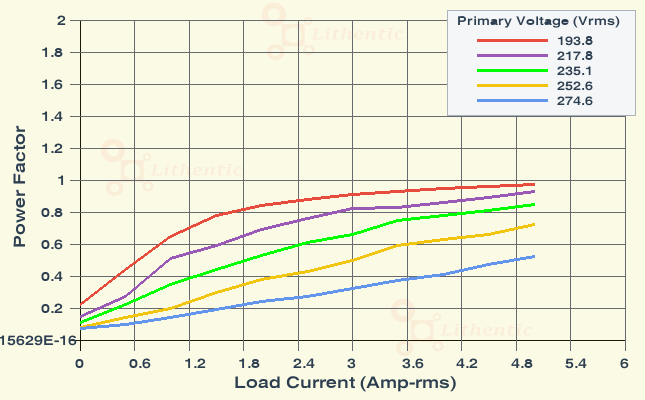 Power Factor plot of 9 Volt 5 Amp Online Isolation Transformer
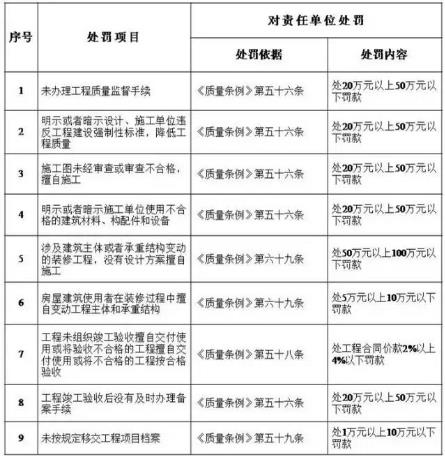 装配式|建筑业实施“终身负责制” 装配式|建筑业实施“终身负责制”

_ _ _ _

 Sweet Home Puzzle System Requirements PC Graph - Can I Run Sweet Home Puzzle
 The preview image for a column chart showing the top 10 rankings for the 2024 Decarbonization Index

_ _ _ _

§ **The problem**
Output should match, line for line, the stretch of the material above from the line holding "Sweet Home Puzzle System" through the line holding "The preview image".

§ **Exercise output**
 Sweet Home Puzzle System Requirements PC Graph - Can I Run Sweet Home Puzzle
 The preview image for a column chart showing the top 10 rankings for the 2024 Decarbonization Index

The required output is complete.